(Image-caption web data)

== Segment start ==

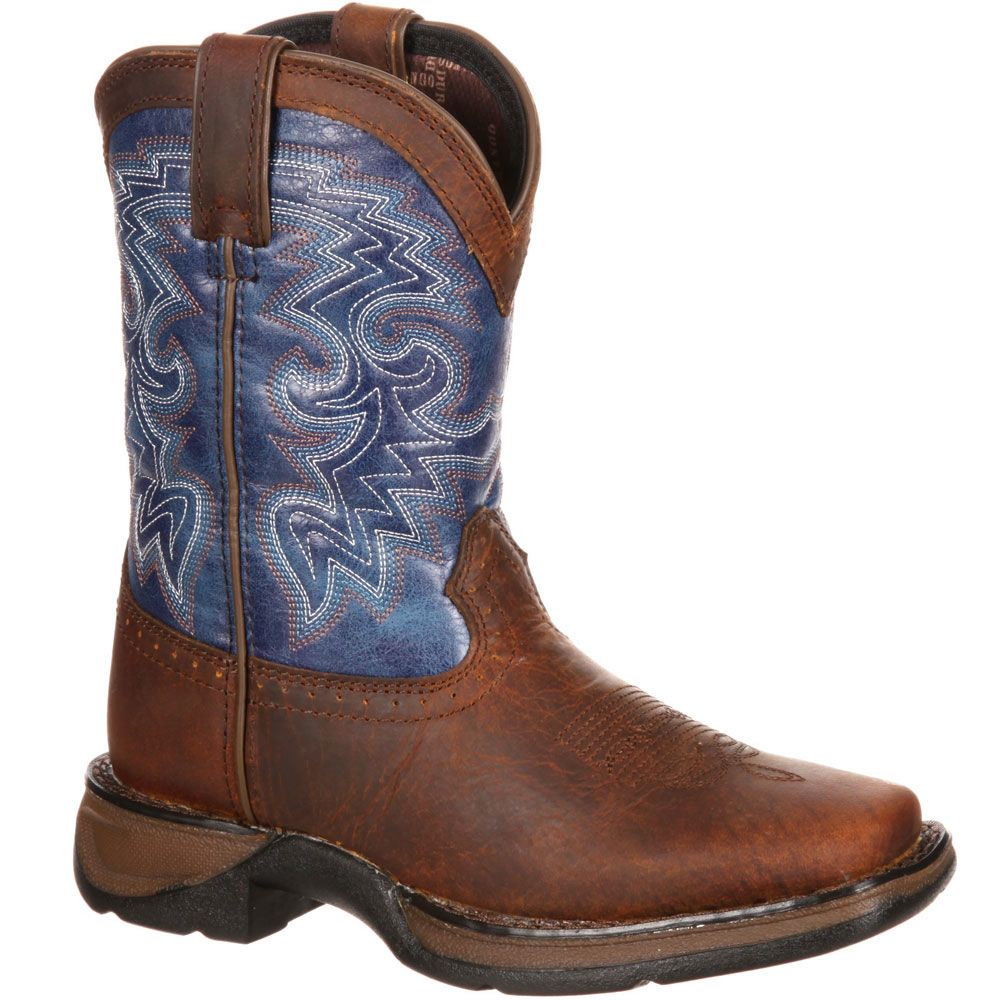 Durango Lil Durango Blue Little Kids Western Boots Dark Brown Blue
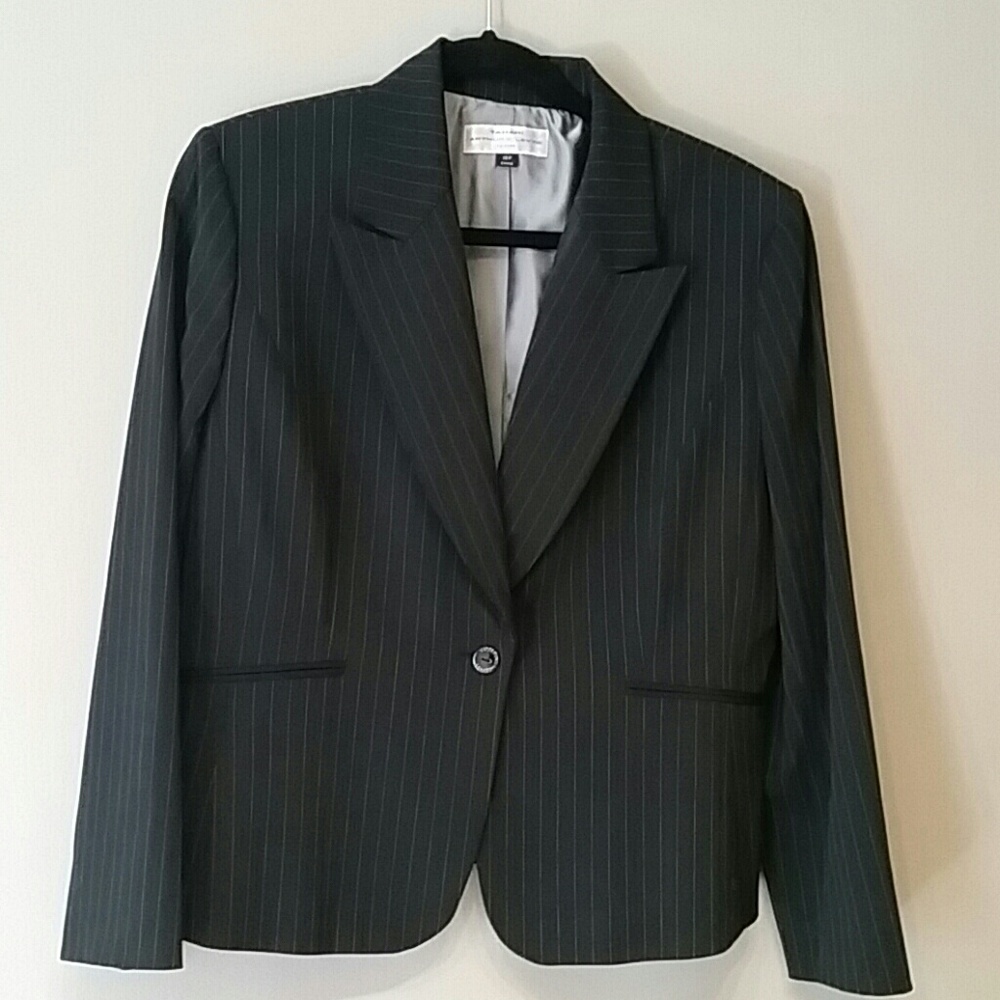 Tahari Black Pinstriped Dress Jacket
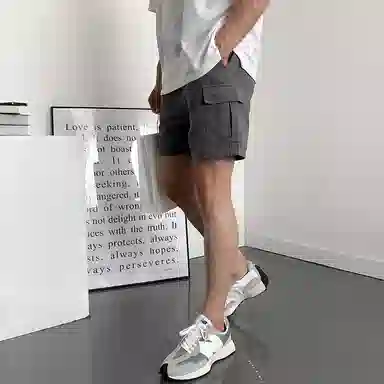 我是大卫 纯色简约宽松抽绳直筒休闲短裤 男女同款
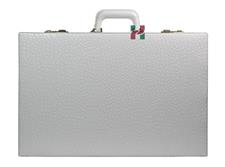 Luxury White Faux Leather Attache Backgammon Set with Dice Cups, 15 Silver & 15 Gold Plated Edge Checkers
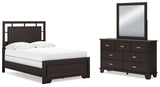 Covetown Dark Brown Full Panel Bed with Mirrored Dresser from Ashley Furniture - Luna Furniture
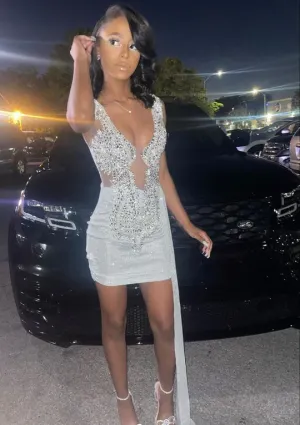 Sexy Cocktail Dress,Crystal Hoco Dresses Black Girl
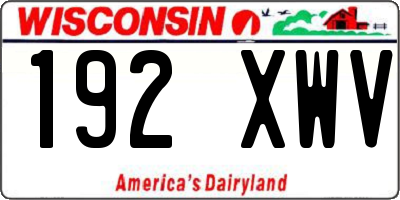 WI license plate 192XWV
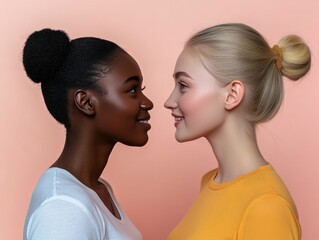 Photo of two friends with different skin tones swapping beauty products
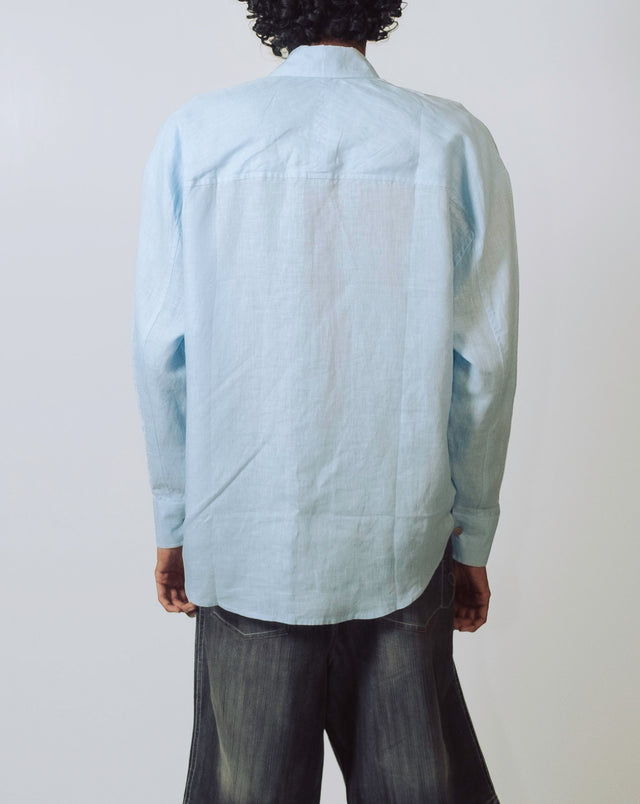 Oversized Linen Shirt in Baby Blue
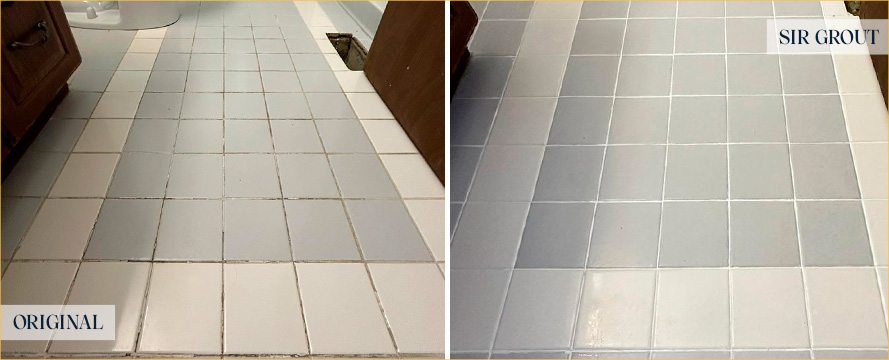 Bathroom Floor Before and After a Grout Cleaning in Laurel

== Segment end ==

#### [Work item]
Please copy the lines above, starting at the one that holds "Photo of two" and stopping after the last line, exactly as they appear and minus the pictures.

#### [Task solution]
 Photo of two friends with different skin tones swapping beauty products
 Oversized Linen Shirt in Baby Blue
 Bathroom Floor Before and After a Grout Cleaning in Laurel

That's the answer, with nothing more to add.